[[ RAW DATA, beginning ]]

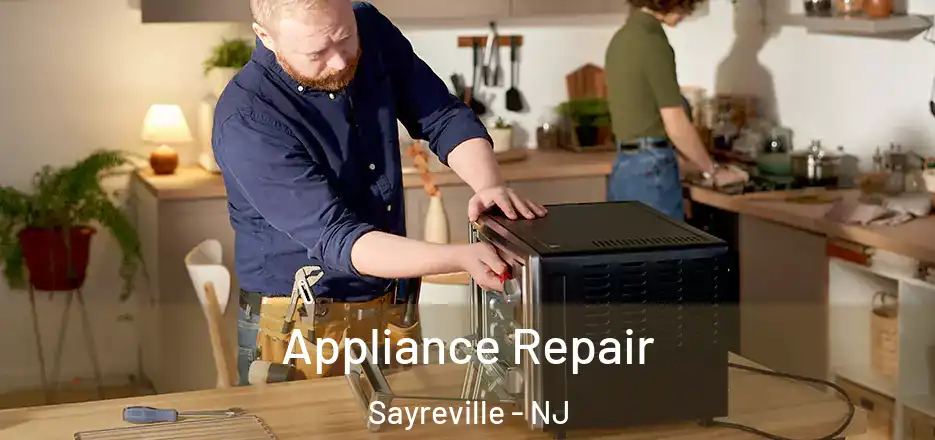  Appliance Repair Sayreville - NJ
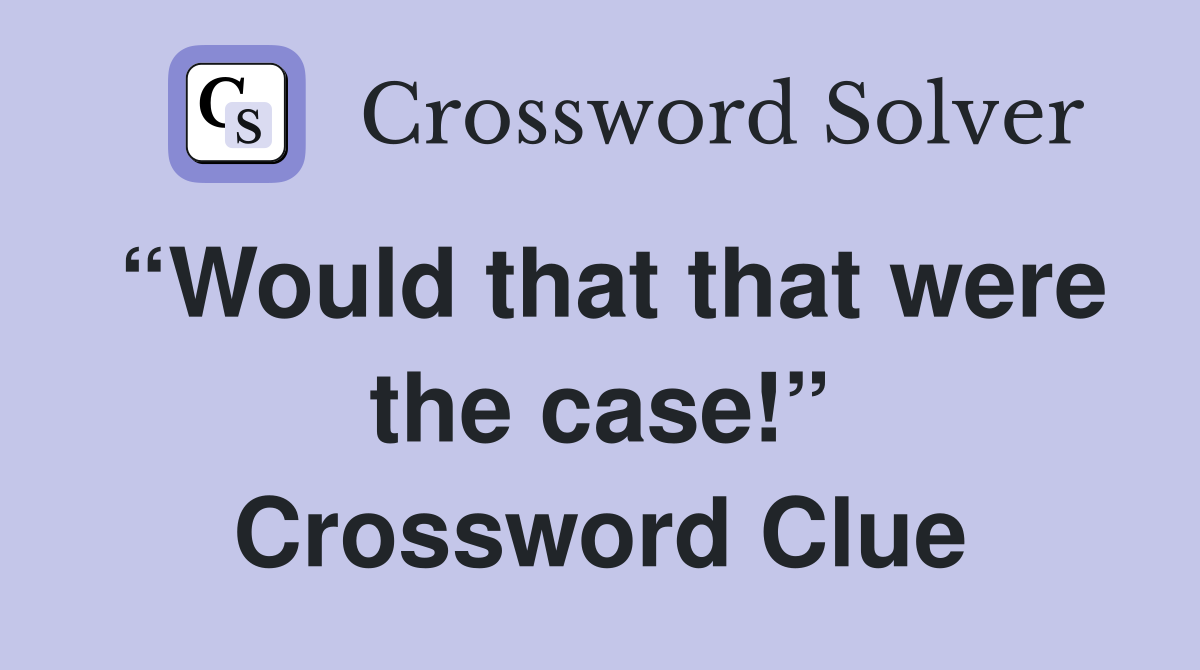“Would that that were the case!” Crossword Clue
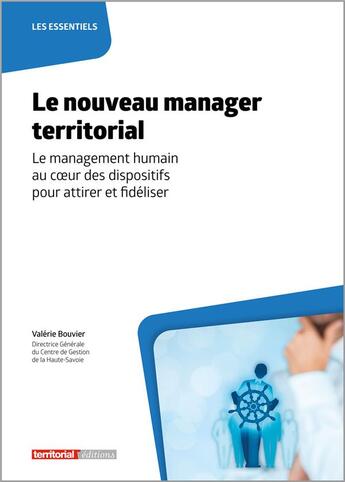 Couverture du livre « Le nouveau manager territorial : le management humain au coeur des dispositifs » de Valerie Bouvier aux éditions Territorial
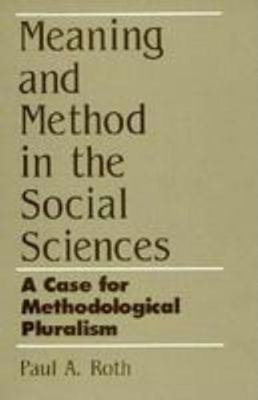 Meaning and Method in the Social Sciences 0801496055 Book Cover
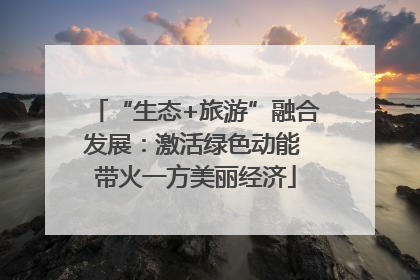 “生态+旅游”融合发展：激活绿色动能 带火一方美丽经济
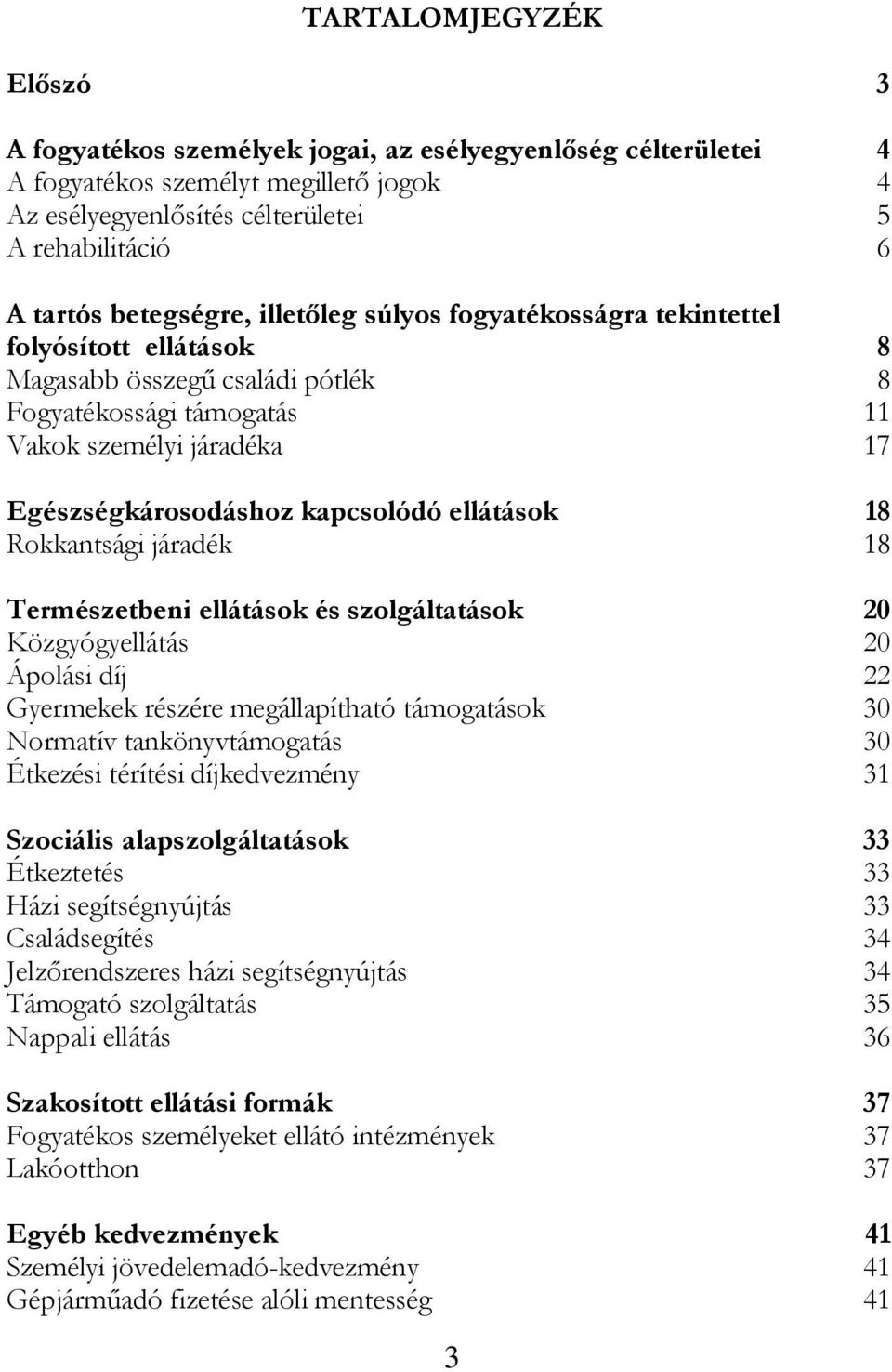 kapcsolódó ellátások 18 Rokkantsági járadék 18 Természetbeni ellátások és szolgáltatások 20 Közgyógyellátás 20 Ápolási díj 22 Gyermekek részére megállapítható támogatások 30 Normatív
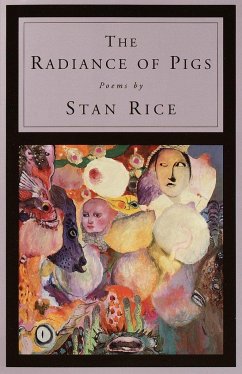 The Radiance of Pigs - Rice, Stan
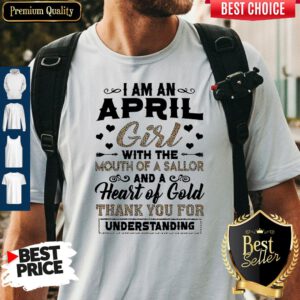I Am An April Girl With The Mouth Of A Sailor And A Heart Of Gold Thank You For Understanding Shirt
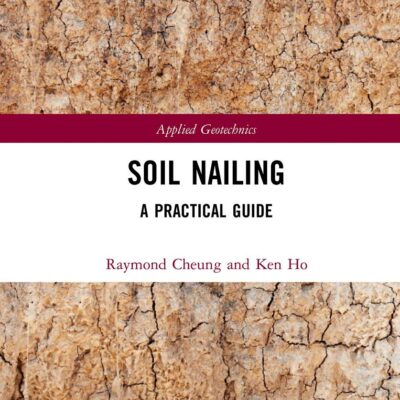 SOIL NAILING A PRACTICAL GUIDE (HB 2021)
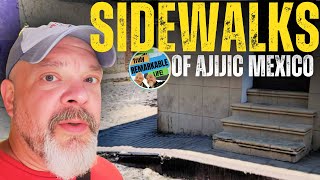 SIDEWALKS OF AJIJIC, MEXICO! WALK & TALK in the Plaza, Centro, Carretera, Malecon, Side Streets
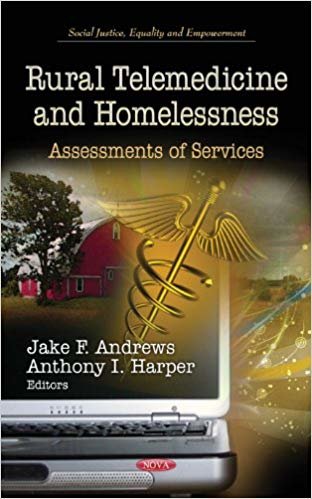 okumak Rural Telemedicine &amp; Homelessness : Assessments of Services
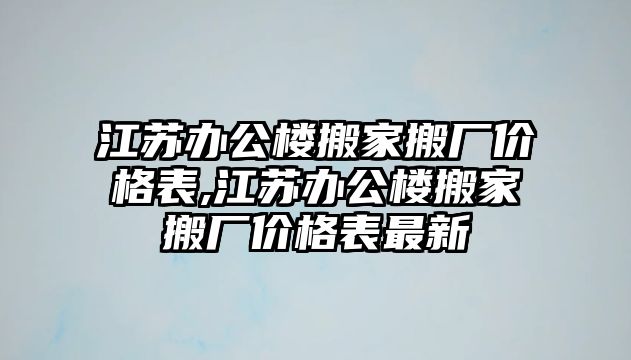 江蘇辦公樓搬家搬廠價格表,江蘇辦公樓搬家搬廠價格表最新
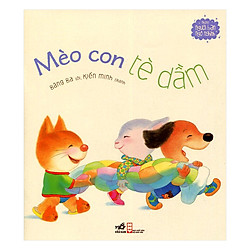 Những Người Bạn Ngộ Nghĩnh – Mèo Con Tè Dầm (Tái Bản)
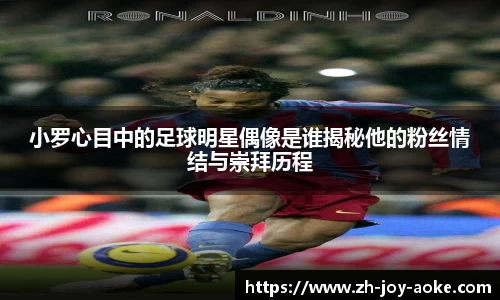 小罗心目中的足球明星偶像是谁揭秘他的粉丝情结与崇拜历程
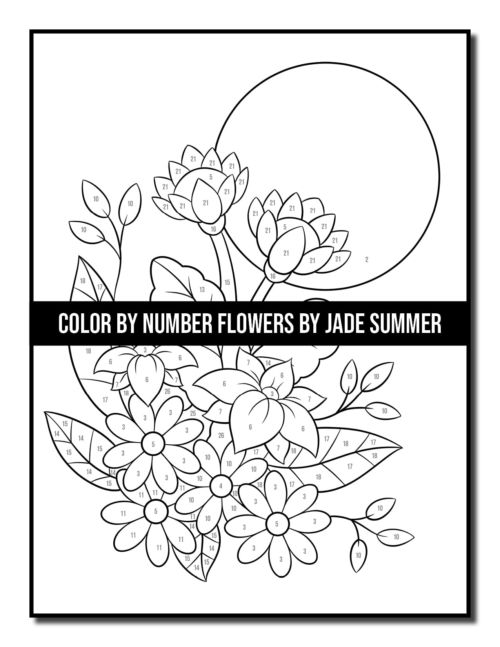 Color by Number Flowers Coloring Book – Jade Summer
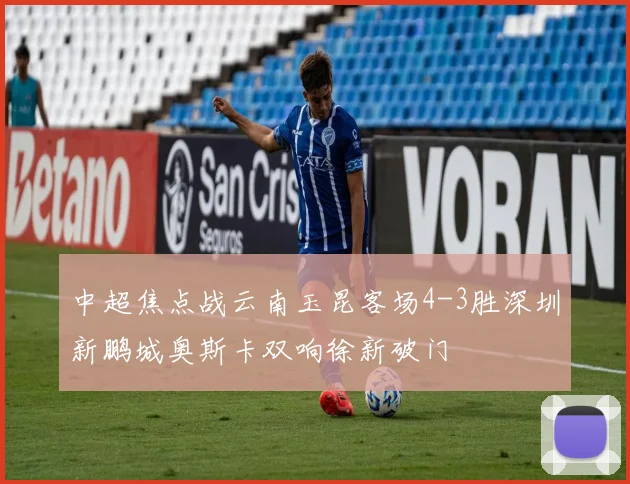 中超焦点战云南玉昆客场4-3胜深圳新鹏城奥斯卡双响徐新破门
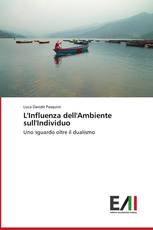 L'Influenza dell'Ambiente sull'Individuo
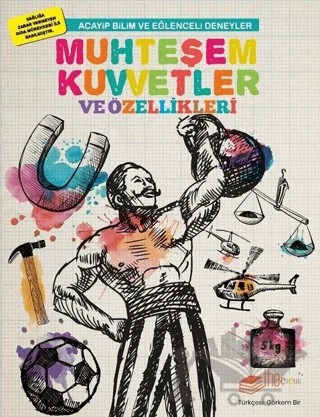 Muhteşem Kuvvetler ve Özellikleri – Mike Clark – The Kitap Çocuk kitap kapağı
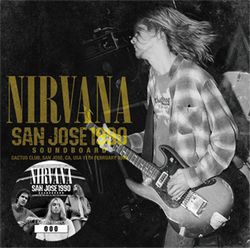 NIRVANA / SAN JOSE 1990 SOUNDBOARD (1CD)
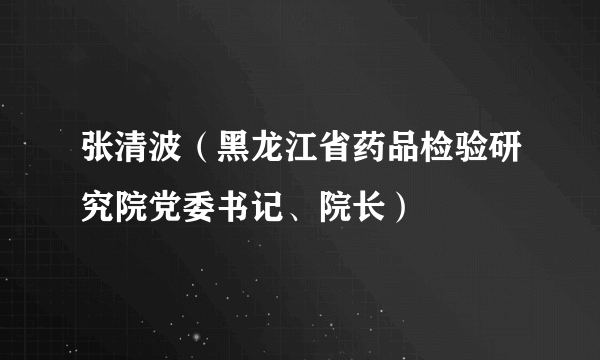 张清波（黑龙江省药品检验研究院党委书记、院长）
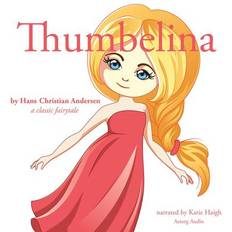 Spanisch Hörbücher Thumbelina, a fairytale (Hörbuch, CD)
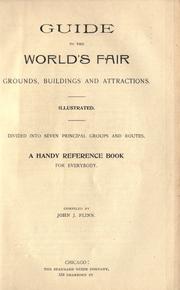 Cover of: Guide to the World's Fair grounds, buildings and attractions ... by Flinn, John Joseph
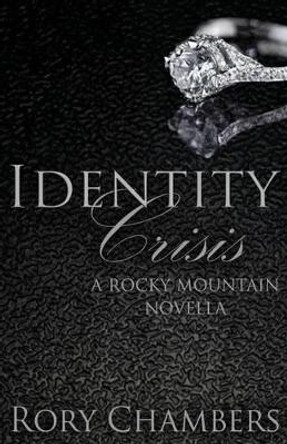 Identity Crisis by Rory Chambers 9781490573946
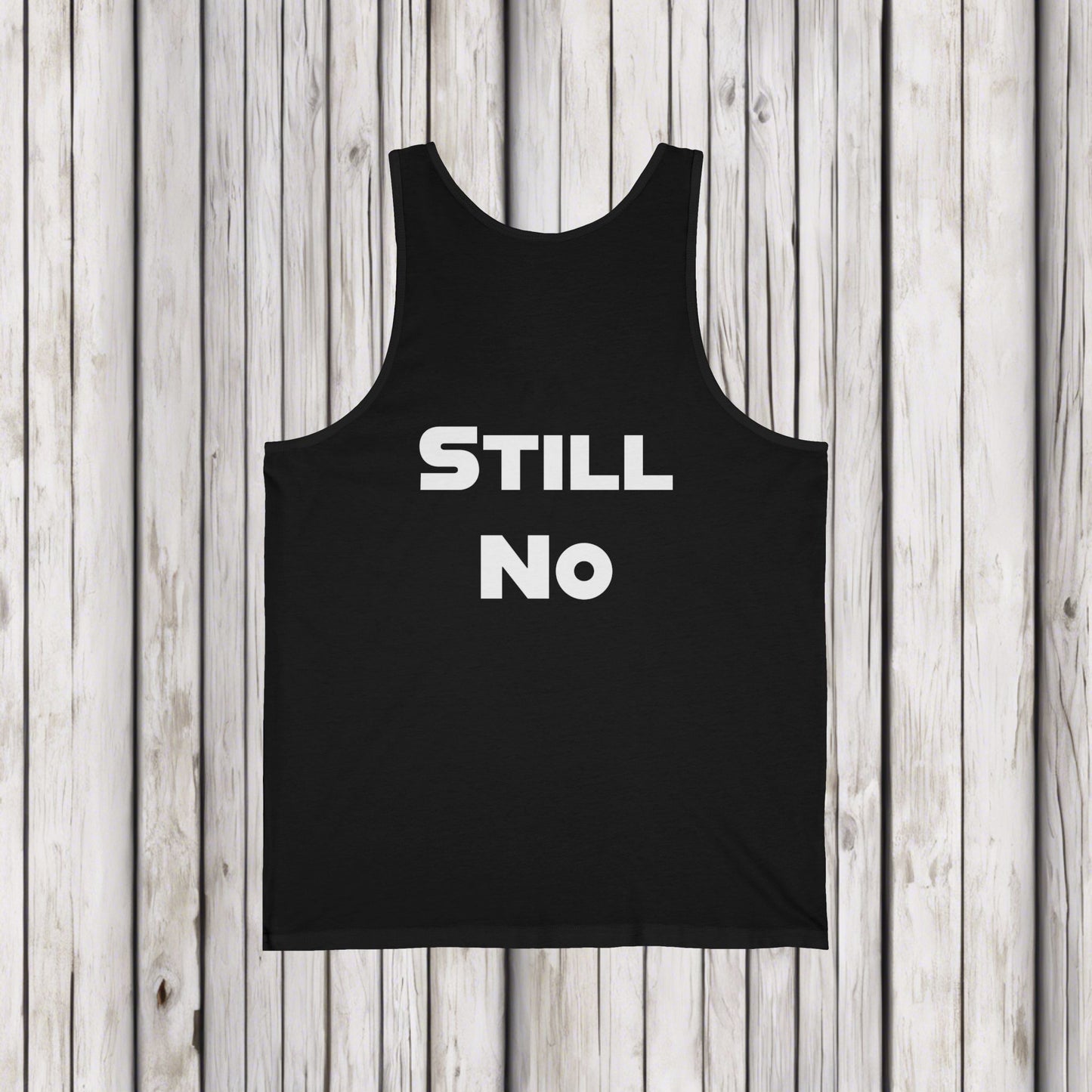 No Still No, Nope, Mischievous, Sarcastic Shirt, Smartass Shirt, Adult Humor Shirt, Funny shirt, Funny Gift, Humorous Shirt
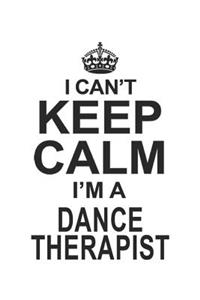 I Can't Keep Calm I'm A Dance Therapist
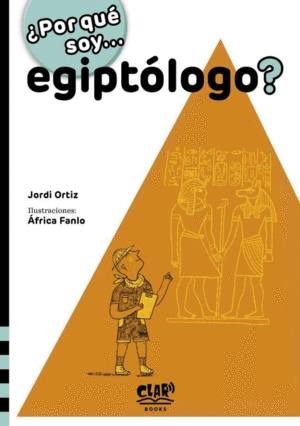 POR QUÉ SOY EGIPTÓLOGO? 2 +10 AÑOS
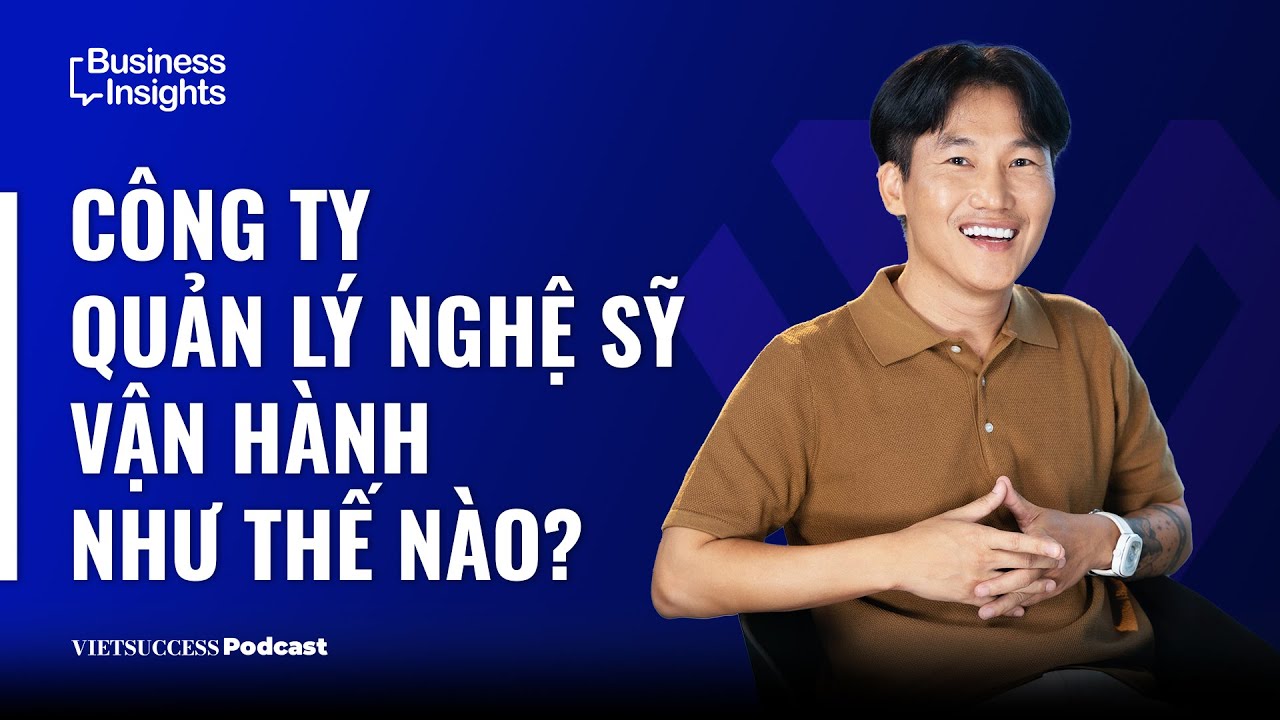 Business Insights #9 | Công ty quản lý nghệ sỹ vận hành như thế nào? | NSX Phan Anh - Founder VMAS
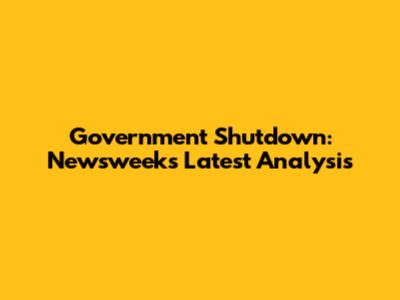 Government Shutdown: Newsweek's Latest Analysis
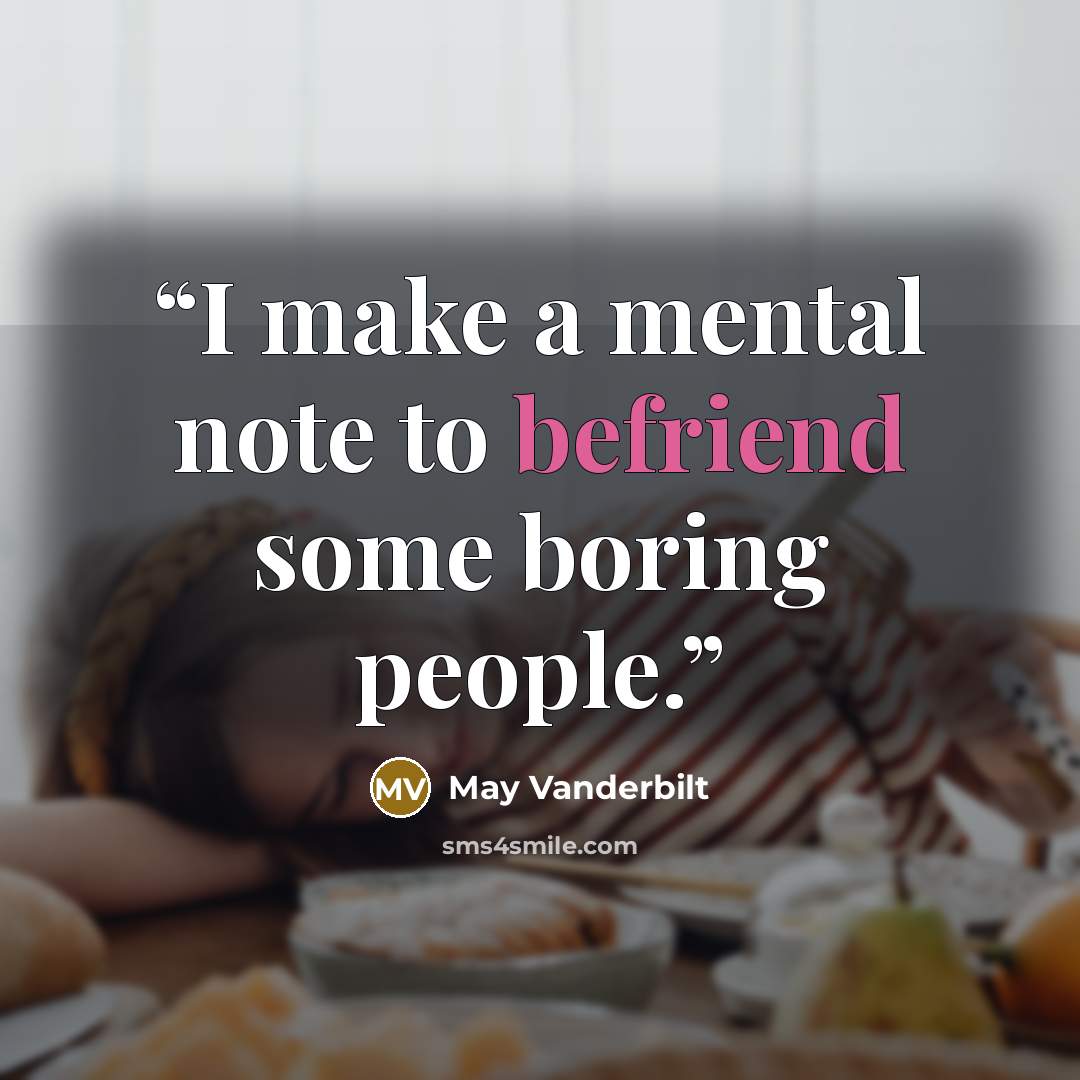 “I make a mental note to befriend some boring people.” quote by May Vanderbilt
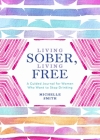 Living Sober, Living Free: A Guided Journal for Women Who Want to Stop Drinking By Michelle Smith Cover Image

[[ RAW DATA, end ]]

EXERCISE BRIEF
Give back exactly the lines above from the one with "Couverture du livre" through the one with "Cover of: Guide", both included. Pictures don't belong in the copy.

RESULT OF THIS EXERCISE
 Couverture du livre « Le nouveau manager territorial : le management humain au coeur des dispositifs » de Valerie Bouvier aux éditions Territorial
 Meaning and Method in the Social Sciences 0801496055 Book Cover
 “生态+旅游”融合发展：激活绿色动能 带火一方美丽经济
 kapcsolódó ellátások 18 Rokkantsági járadék 18 Természetbeni ellátások és szolgáltatások 20 Közgyógyellátás 20 Ápolási díj 22 Gyermekek részére megállapítható támogatások 30 Normatív
 The Radiance of Pigs - Rice, Stan
I Am An April Girl With The Mouth Of A Sailor And A Heart Of Gold Thank You For Understanding Shirt
 SOIL NAILING A PRACTICAL GUIDE (HB 2021)
 SIDEWALKS OF AJIJIC, MEXICO! WALK & TALK in the Plaza, Centro, Carretera, Malecon, Side Streets
 okumak Rural Telemedicine &amp; Homelessness : Assessments of Services
 江蘇辦公樓搬家搬廠價格表,江蘇辦公樓搬家搬廠價格表最新
 Những Người Bạn Ngộ Nghĩnh – Mèo Con Tè Dầm (Tái Bản)
 小罗心目中的足球明星偶像是谁揭秘他的粉丝情结与崇拜历程
 Color by Number Flowers Coloring Book – Jade Summer
 中超焦点战云南玉昆客场4-3胜深圳新鹏城奥斯卡双响徐新破门
 L'Influenza dell'Ambiente sull'Individuo
 Muhteşem Kuvvetler ve Özellikleri – Mike Clark – The Kitap Çocuk kitap kapağı
 NIRVANA / SAN JOSE 1990 SOUNDBOARD (1CD)
 张清波（黑龙江省药品检验研究院党委书记、院长）
 Spanisch Hörbücher Thumbelina, a fairytale (Hörbuch, CD)
 Cover of: Guide to the World's Fair grounds, buildings and attractions ... by Flinn, John Joseph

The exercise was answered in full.